[Opening GIVEN INFORMATION section]
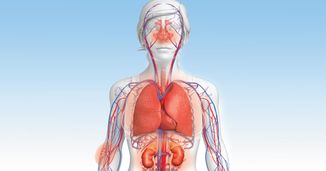 ANCA-Associated Vasculitis: Contemporary Perspectives for the Rheumatology Provider – Featuring Curbside Consults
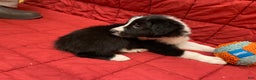 Border Collie dogs for sale: Eddie - Ad 5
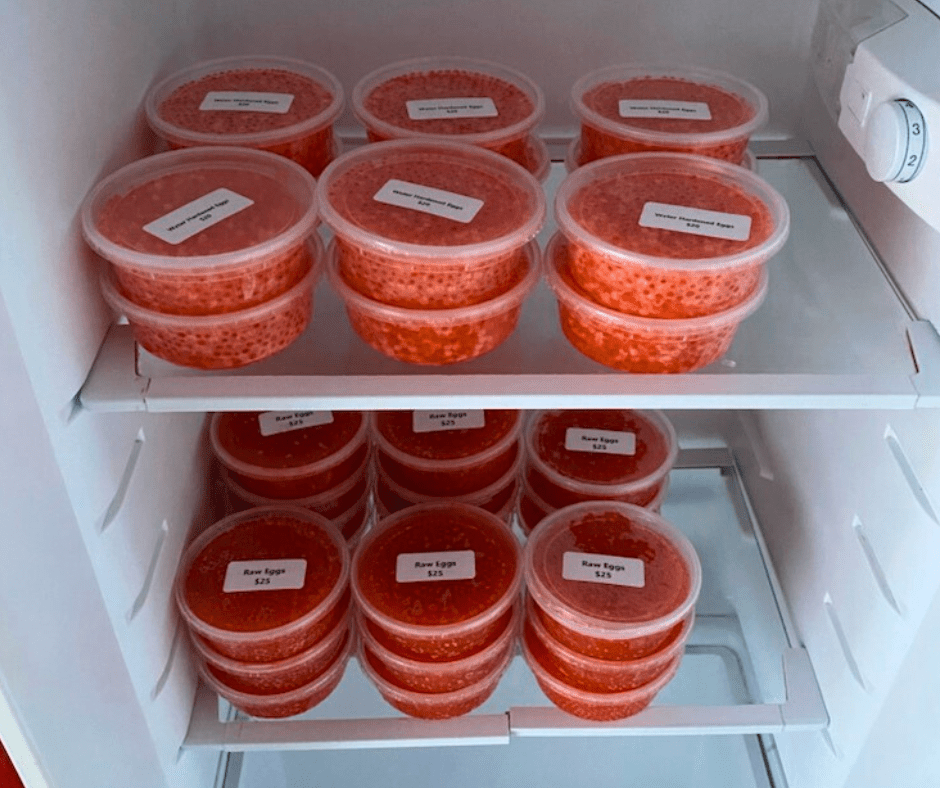 Bait Eggs Rainbow Trout Springhills Fish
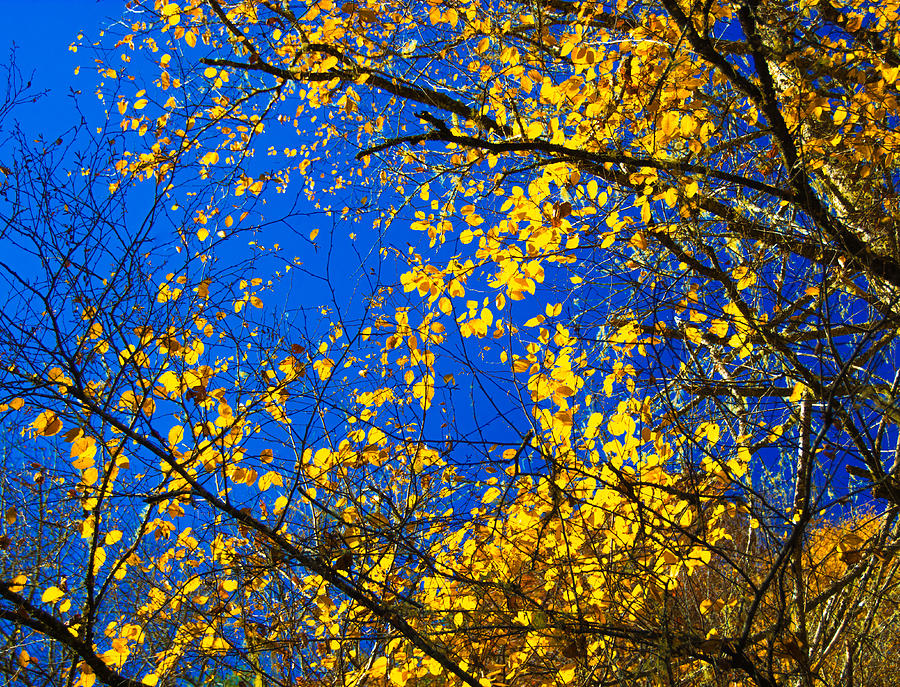 Golden Leaves Photograph by Penny Lisowski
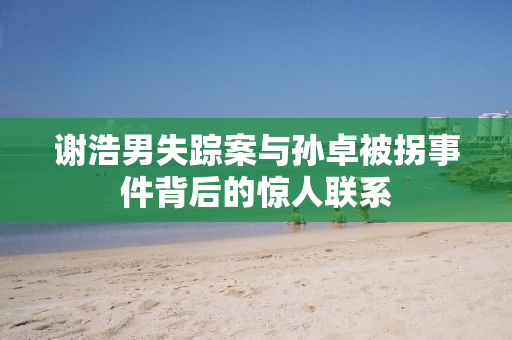 谢浩男失踪案与孙卓被拐事件背后的惊人联系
[Closing GIVEN INFORMATION section]
DIRECTIONS FOR THIS TASK: Extract, word for word, each line from the one that contains "Border Collie dogs for sale: Eddie - Ad 5" through the final line of the data above. Leave the pictures out.

EXERCISE RESPONSE:
 Border Collie dogs for sale: Eddie - Ad 5
 Bait Eggs Rainbow Trout Springhills Fish
 Golden Leaves Photograph by Penny Lisowski
 谢浩男失踪案与孙卓被拐事件背后的惊人联系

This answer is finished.